Come possa uno scrittore pubblicato da Sellerio, Mondadori, Rizzoli, Laterza, Nottetempo considerarsi privo di appigli per “un’efficace attività di lobbismo” resta un mistero

Sostiene Miguel de Cervantes, in una delle sue “Novelle esemplari”, che il secondo miglior laureato – non importa in quale università  – vale più del primo. Chi ha i voti migliori, aggiungeva, li ha ottenuti grazie alle raccomandazioni. Chi arriva secondo ce l’ha fatta con i suoi meriti. Leggendo l’intervista che Gianrico Carofiglio ha dato ieri al Corriere delle Sera, scopriamo che esiste una terza possibilità. Il candidato che non arriva né primo né secondo, anzi neanche partecipa, “in mancanza di un’efficace attività di lobbismo”. 

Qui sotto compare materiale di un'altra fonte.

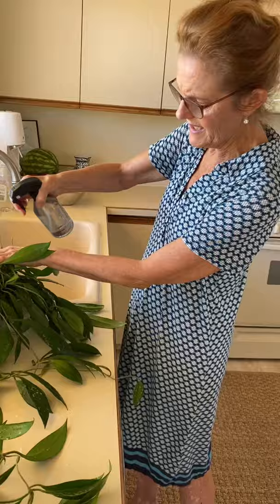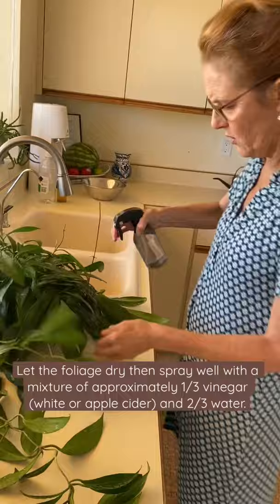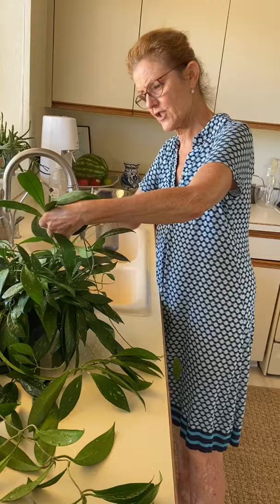Be careful with using vinegar because you can't use it too often or too much. It has an acetic quality so it actually burns the aphids, but it can also burn the tender growth or the older growth of a plant over time, so just be easy with it.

Andrà meglio la prossima volta, vien da dire. E poi passare ad altro, di Premio Strega abbiamo già scritto a sufficienza. Invece no, perché veniamo a sapere che – come e più del “secondo laureato” – chi rimane fuori senza laurea né riconoscimenti deve essere considerato al di sopra di chiunque. Incapace di far lobby (sia pure in un mondo letterario dove tutti conoscono tutti). Fuori dalle “conventicole” che guastano il sangue ai non premiati, ai non laureati, perfino ai non pubblicati (fa testo il professore nel film di Paolo Virzì “Caterina va in città”, con il suo manoscritto sempre rifiutato).
     

L’Italia ha inventato il “vincitore morale”, che nel resto del mondo è uno che ha perso. E basta. Come possa uno scrittore pubblicato da Sellerio, Mondadori, Rizzoli, Laterza, nottetempo (qualcosa abbiamo dimenticato, ci sono anche i testi giuridici) considerarsi privo di appigli per “un’efficace attività di lobbismo” resta un mistero. Wikipedia dice “tradotto in 28 lingue”. Le milioni di copie vendute sono 7, tre i cicli principali – l’avvocato Guido Guerrieri, il maresciallo Pietro Fenoglio, la ex pubblico ministero Penelope Spada. Più i “singleton” come “Il passato è una terra straniera”, diventato un film di Daniele Vicari, e vincitore del Premio Bancarelle nel 2005.
Aggiungiamo che sono scrittori anche il fratello, Francesco Carofiglio (vari romanzi pubblicati e libri per bambini), e la madre, Enza Buono (scriveva prima di lui, precisiamo – il suo primo libro è del 1993, e in tutto sono cinque). Figlio d’arte, si potrebbe osare – Carofiglio è cintura nera di karate. Per completare il quadro, il libro-conversazione scritto con la figlia Giorgia, “L’ora del caffè” (dal podcast con lo stesso titolo). 
       

Gli elenchi sono noiosi, ma bisognava allargare il quadro. I primi a reagire dovrebbero essere i colleghi che a differenza di Gianrico Carofiglio non vendono tante copie e non incassano anticipi. In mancanza – i commenti li fanno in privato – torniamo all’intervista. Alla voce “maestri”, si parte con Dostoevskij (rubricato sotto “le cose che si dicono per fare bella figura”, ma intanto il nome è lì a pavoneggiarsi sulla pagina). Poi si passa a Simenon, Calvino e Carver.  Lo scrittore di Bari (ex magistrato, ex senatore, lettore di audiolibri) avrebbe voluto scrivere “Il piccolo Principe” di Saint-Exupéry, oppure “Le nostre anime di notte” di Kent Haruf: una fissazione dei lettori di ieri e una fissazione dei lettori di oggi – in genere, e nei due casi, lettori di un solo libro.
È l’occasione per raccontare di nuovo l’aneddoto sul primo romanzo con l’avvocato Guido Guerrieri – già ascoltato durante un’intervista alla Radio svizzera, una ventina di anni fa. Aveva mandato il manoscritto a parecchi editori, un bel po’ di tempo dopo ricevette una garbata lettera di rifiuto. “Dolenti declinare”, come vuole la formula classica di accompagnamento. Intanto Sellerio aveva pubblicato il romanzo, con successo di pubblico e di critica. Mancava all’aneddoto il nome dell’editore distratto. Che ora Carofiglio rivela, devono essere scaduti i termini per la prescrizione. Era l’editore Fazi.